Un tripudio di chitarre declinate in tutte le incarnazioni folk rock possibili nel nuovo lavoro dei Dead Boquet
Trio rock che ruota attorno alla figura del songwriter romano Carlo Mazzoli, innamorato della 12 corde e dei Grant Lee Buffalo per questo interessante esordio i Dead Bouquet mettono in campo nientemeno che la produzione di Paul Kimble e la masterizzazione affidata al guru californiano Joe Gastwirt.
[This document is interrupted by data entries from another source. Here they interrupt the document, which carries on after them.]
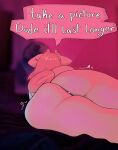 2024 ambiguous_gender anthro big_butt bovid butt butt_focus caprine creamedpufff dialogue english_text female_(lore) glistening glistening_butt hair hi_res horn lying mammal mello_(creamedpufff) motion_lines nude on_front pink_body pink_hair sheep solo speech_bubble tail talking_to_viewer text thick_thighs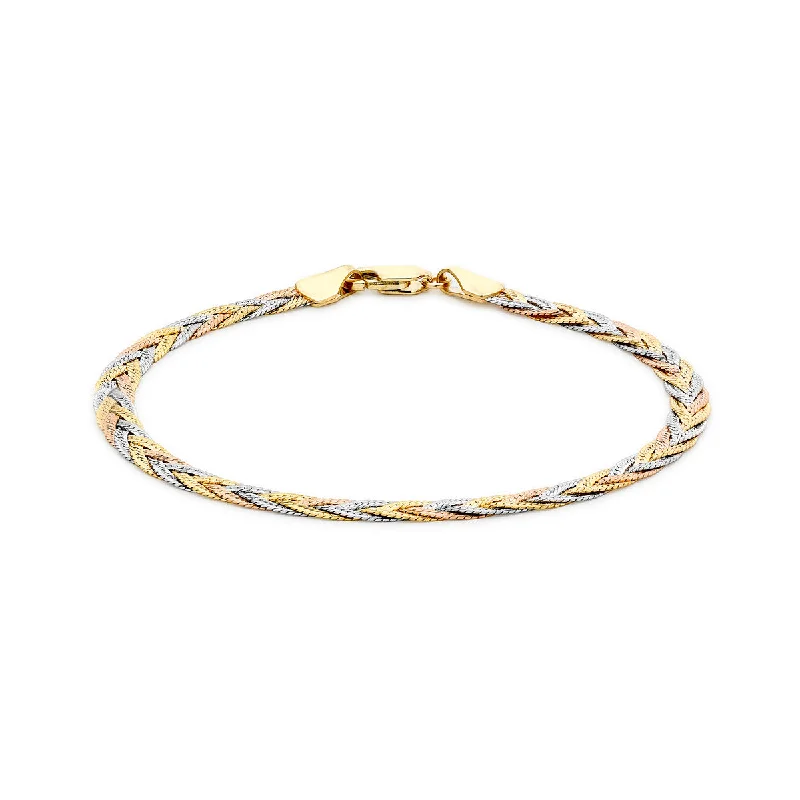 Stretch Bangle Bracelets with Elastic Cord for a Comfortable Fit9K 3 Colour Gold Herringbone Chain Bracelet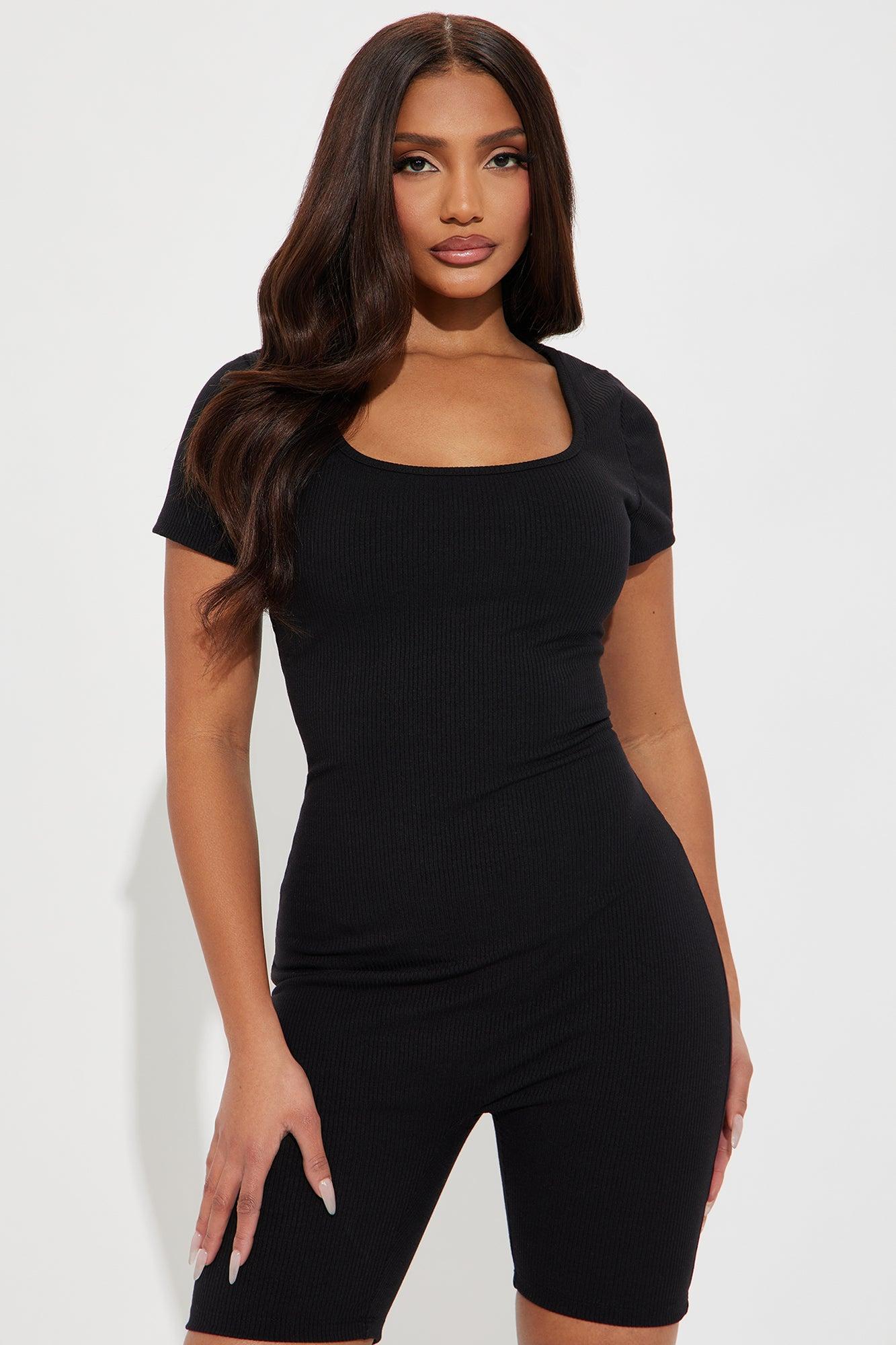 Christi Heavy Ribbed Romper - Black Product Image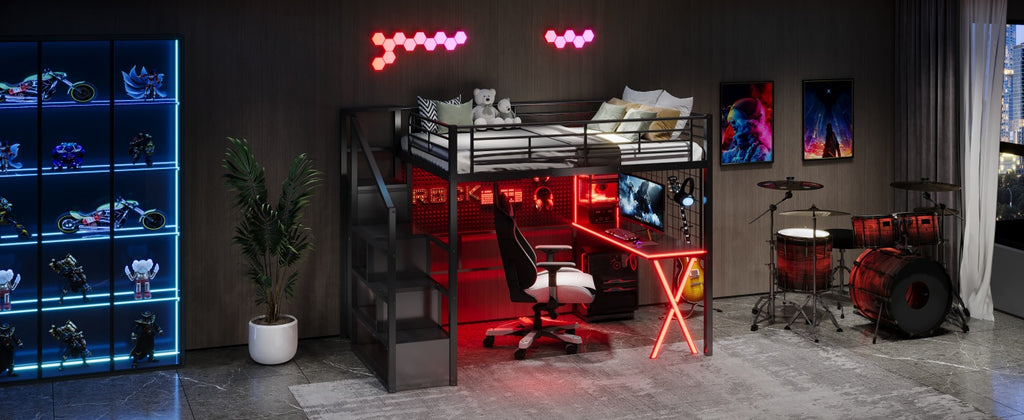 Full Size Metal Loft Bed with Built-in Work Station, Wardrobe, Storage Staircase and LED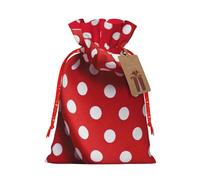 YKJJFVZ Rojo y blanco puntos impresión universal Navidad regalo Bolsas con cordón, tela de yute, bolsas de caramelo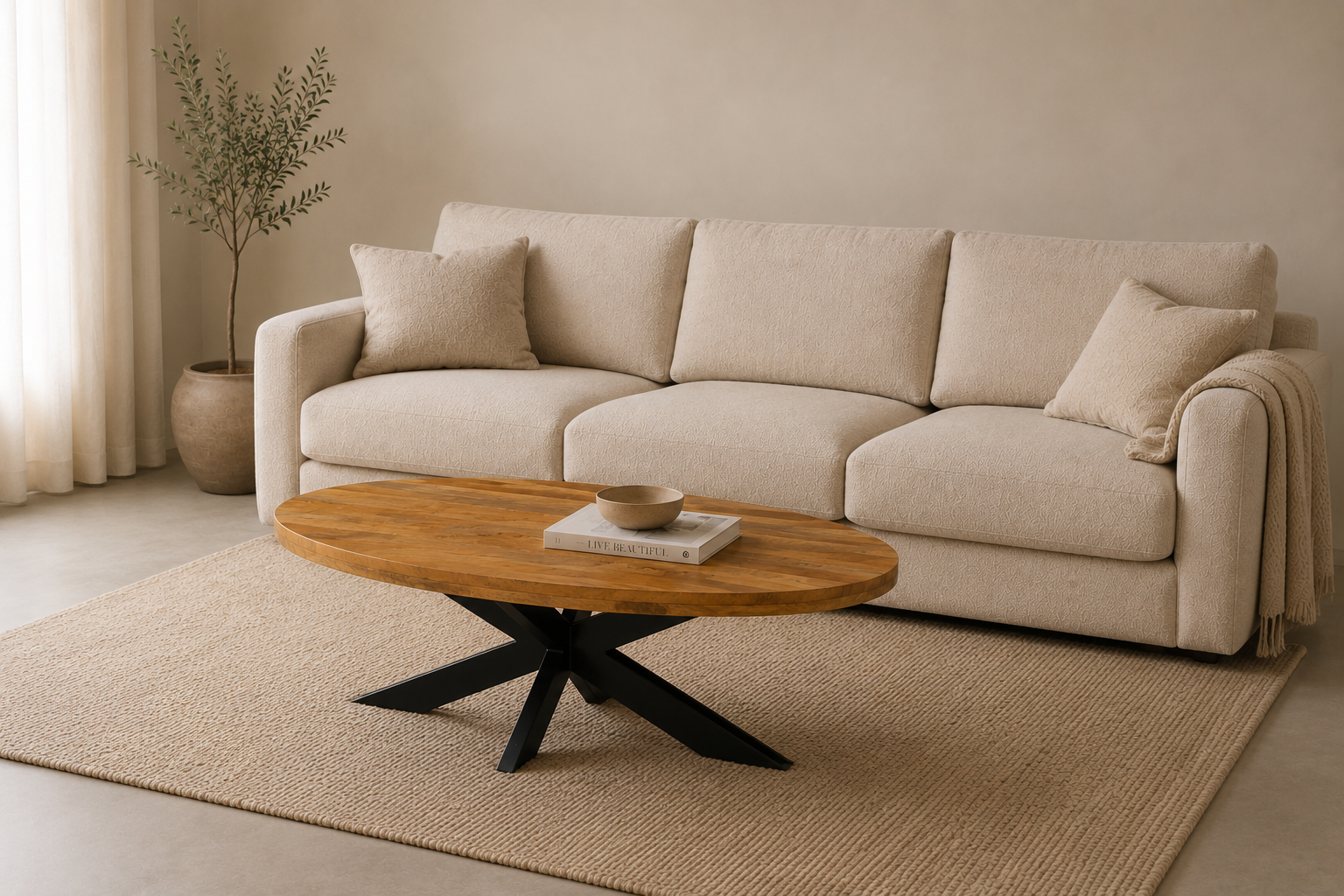 Salontafel - Mango - Ovaal – 130 × 70 cm – Inclusief onderstel - Afbeelding 2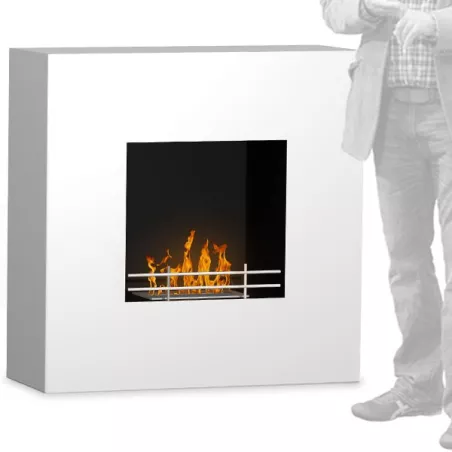 Cheminée éthanol XXL carré Elite, 3kW Couleur Blanc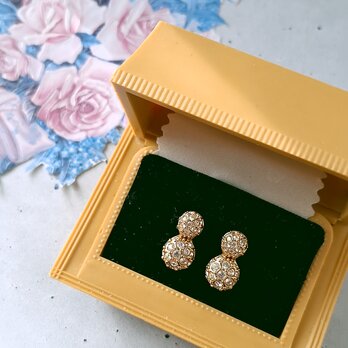 《SWAROVSKI》 clear rhinestone two dome スワロフスキー ヴィンテージピアス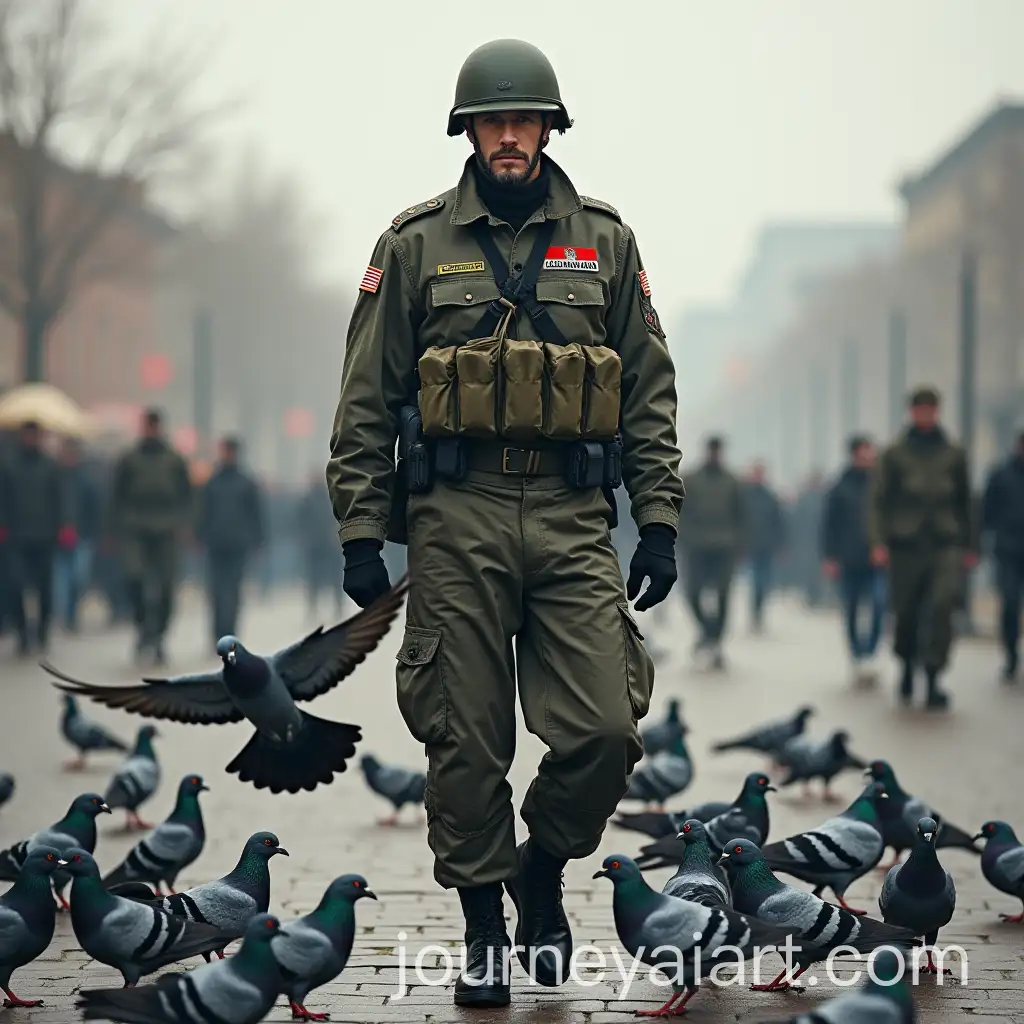 Military-Personnel-Interacting-with-Pigeons-in-a-Training-Exercise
Il baricentro del lavoro è effettivamente specchiato nel gruppo di Grant Lee Phillips, in un tripudio di chitarre declinate in tutte le incarnazioni folk rock possibili. Un ascolto più attento evidenzia però l’articolata complessità di ramificazioni e influenze che fanno emergere l’anima folk a tinte scure dell’album, spaziando le proprie geografie dalla Seattle che incubava il grunge (Nobody’s Sky), fino alla Scozia dei primi  Waterboys (Curse) con echi dei 16 Horsepower (Little Thing, Barking at My Gate). Permeato di misticismo e psichedelia, sostenuto da una dodici corde acustica distorta che ricorda i GLB dal vivo, l’album mantiene la sua vena cantautorale, enfatizzata dall’approccio interpretativo di Mazzoli, sempre immerso nel pathos, ma al contempo sinistro e distaccato. Una voce bassa e sulfurea che si adagia al pulsare armonico della ritmica, lanciandosi a volte in spinte in avanti decisamente rock.  
  
La plumbea, palpitante e abrasiva The Dam apre le danze tratteggiando il mood catartico che il gruppo cercherà di mantenere fino in fondo, anche se la lunghezza del disco, una certa omogeneità dei suoni e la propensione ripetitiva della scrittura rendono ostica la fruizione costante in questo stato d’animo, essenziale però per godere appieno i brani. Rappresentativa dei tempi che stiamo vivendo, la canzone rilascia qualche eco chitarristica dei compianti primi U2, esplodendo in un ritornello potente e attrattivo. My Baby and I è una song tra le più intense ascoltate ultimamente in questo ambito. Nobody’s Sky, singolo dal suono lussureggiante, si esalta nel ritornello caratterizzato da voci filtrate in amplificatori saturati e chitarre slide. Altre tracce degne di nota sono la nebbiosa e oscura Red Sofa, la deliziosa e quasi solare As Far as I Know, l’acustica e sognante Sur La Garonne e la conclusiva Stories, che con la sua coda younghiana riporta tutto a casa.
 
Certo, il suono è complessivamente un po’ datato ma l’album ha il merito di rianimare senza filtri un periodo genuino di oltre vent’anni fa, quando l’universo indie si nutriva del solco della tradizione senza l’autocompiacimento pop che ne caratterizza il percorso odierno.